AndroidはHTCさんがいち早く採用しました。そういった点では少し遅れましたが、GALAXY Sがグローバル展開したのは2010年の5月~6月頃。日本ではさらに遅れて10月末となりました。
日本市場という点では、これからはグローバルモデルの発表と日本向けとの時差を短縮していきます。日本語化などのローカライズ作業は、Androidになって楽になりました。以前と比べても簡単で、これがスマートフォンの特徴だと思っています。
――AndroidはLGやSony Ericssonも主要なプラットフォームとして端末を出しています。Samsungの差別化はどこになるのでしょうか?
ディスプレー、デュアルコア、HSPA+対応、NFC搭載のように、われわれは最高レベルの最新ハードウェアを用意しています。ハードウェア面では勝てると自負しています。
ソフトウェア面では、今回4つのハブを用意します。ハブはテーマに関連した情報を統合する場所で、SNS/メール/電話帳を統合したこれまでの「Social Hub」に加え、音楽の「Music Hub」、電子書籍の「Readers Hub」、ゲームの「Game Hub」が入りました。Social Hubも初代(GALAXY S)のものを改善しています。

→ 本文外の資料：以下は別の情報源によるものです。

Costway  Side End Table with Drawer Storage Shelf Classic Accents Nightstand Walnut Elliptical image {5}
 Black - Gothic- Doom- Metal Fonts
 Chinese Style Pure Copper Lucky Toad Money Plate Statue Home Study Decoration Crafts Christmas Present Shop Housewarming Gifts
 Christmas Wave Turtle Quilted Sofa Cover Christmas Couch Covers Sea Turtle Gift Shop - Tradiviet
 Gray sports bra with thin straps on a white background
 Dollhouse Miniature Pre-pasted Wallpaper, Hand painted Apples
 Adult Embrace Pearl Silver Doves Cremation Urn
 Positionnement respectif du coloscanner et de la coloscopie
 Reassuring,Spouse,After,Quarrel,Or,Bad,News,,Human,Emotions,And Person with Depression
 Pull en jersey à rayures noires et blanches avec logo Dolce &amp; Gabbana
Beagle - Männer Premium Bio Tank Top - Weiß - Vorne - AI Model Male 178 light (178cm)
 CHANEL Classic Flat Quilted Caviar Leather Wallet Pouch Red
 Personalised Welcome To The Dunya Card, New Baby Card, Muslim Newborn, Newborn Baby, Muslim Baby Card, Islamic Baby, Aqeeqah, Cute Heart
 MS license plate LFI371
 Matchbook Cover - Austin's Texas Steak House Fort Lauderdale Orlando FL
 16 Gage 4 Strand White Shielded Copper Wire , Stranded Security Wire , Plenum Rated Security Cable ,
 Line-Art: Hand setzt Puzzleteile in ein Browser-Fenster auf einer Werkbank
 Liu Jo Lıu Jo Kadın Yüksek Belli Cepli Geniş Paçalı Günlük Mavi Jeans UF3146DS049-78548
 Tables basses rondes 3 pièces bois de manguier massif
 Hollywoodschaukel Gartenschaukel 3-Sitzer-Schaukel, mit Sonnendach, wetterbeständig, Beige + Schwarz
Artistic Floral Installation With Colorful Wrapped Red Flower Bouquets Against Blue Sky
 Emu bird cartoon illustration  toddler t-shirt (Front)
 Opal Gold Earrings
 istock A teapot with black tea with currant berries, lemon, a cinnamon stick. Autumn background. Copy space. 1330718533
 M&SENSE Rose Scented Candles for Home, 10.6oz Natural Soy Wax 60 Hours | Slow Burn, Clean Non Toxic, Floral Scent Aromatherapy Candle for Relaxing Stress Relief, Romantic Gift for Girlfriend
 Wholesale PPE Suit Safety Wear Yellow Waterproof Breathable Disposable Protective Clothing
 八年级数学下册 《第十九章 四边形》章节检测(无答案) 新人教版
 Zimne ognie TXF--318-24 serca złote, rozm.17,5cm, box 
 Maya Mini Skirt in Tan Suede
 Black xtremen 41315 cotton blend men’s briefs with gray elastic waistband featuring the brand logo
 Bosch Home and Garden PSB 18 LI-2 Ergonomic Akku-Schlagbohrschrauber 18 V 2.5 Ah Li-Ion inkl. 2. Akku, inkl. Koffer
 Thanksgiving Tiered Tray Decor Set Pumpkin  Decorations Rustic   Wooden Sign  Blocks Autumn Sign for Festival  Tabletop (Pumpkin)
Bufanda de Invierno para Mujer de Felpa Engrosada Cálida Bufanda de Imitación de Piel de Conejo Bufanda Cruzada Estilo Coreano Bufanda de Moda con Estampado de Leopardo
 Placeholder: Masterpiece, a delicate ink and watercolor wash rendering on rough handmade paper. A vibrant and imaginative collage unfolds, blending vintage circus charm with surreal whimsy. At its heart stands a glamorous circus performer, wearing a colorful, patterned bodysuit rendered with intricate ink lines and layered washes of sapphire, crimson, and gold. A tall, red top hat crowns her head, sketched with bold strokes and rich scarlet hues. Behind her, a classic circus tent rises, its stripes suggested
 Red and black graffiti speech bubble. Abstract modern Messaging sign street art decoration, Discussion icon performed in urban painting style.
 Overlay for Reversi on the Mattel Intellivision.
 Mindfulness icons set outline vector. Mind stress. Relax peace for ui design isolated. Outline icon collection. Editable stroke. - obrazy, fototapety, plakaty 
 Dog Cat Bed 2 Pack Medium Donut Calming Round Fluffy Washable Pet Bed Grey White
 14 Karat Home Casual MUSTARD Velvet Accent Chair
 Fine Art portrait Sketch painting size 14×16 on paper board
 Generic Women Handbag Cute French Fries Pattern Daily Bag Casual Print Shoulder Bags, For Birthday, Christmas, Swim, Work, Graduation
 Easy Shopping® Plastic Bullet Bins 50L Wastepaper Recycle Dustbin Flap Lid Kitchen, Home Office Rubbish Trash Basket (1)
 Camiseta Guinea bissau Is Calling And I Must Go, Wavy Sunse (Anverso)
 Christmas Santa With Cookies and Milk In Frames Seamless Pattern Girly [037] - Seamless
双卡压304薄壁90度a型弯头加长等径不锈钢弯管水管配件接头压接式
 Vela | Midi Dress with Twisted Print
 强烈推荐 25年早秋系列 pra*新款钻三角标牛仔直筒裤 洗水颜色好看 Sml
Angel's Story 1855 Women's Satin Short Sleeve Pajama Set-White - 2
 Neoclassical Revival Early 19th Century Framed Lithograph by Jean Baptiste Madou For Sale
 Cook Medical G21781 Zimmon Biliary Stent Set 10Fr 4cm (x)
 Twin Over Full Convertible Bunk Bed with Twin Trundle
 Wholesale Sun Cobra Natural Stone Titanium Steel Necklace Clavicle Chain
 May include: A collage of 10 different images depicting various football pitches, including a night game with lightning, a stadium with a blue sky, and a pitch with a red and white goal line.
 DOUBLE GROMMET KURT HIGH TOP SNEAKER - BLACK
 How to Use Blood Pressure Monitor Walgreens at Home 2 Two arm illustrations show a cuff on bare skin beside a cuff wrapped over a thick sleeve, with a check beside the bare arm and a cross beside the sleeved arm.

Music Hubでは、その市場にあったローカルなコンテンツを提供できるようにします。ヨーロッパではある音楽サービスと提携してコンテンツが利用できるようにしますし、日本でも有力な音楽サービスと組みます。
フルレンジで端末をそろえていく
Android以外のOSも様子を見ながら決定をする
――これからスマートフォンの普及にあたって、ミッドレンジではどのように展開していくのですか? エントリーやミッドレンジは中国のベンダーが強い市場となりつつあります。
エントリーからミッドレンジまで、すべての価格帯をそろえていきます。価格競争が基本的な要素としてあります。(価格に加えて)ハイエンドで育てた機能を入れていくような差別化を考えています。
――ミッドレンジのモデルを日本でも展開するような計画はありますか?
市場の変化を見ながら検討していきたいと思っています。現時点では、ミッドレンジ系のAndroid端末は日本では求められていないようです。われわれとしては、グローバルモデルではミッドレンジも用意しているので、市場の動きとキャリアさんの動向をみながら、ということになります。
――2010年のMWCでは初のBada搭載機「Wave」の発表がメインでした。Bada、Windows Phoneなど、Android以外のプラットフォーム計画はどうなっていますか?
どれかに集中するというのではなく、市場のニーズや動きに合わせることが大切だと考えています。1年前、Androidがこれほどブームになるとは誰も予想していなかったと思います。
確かに今現在はAndroid中心ですが、Badaはわれわれのプラットフォームであり、今後もちゃんと育てていきます。「Windows Phone 7」もいろいろ動きが出てくると思います。動きを見ながら決定していきます。
――Waveはヨーロッパでは好調だったようですが、Bada端末を日本で展開するような計画は?
やりたいですね。ですが、Badaをやってくださいという要望がないので(笑)。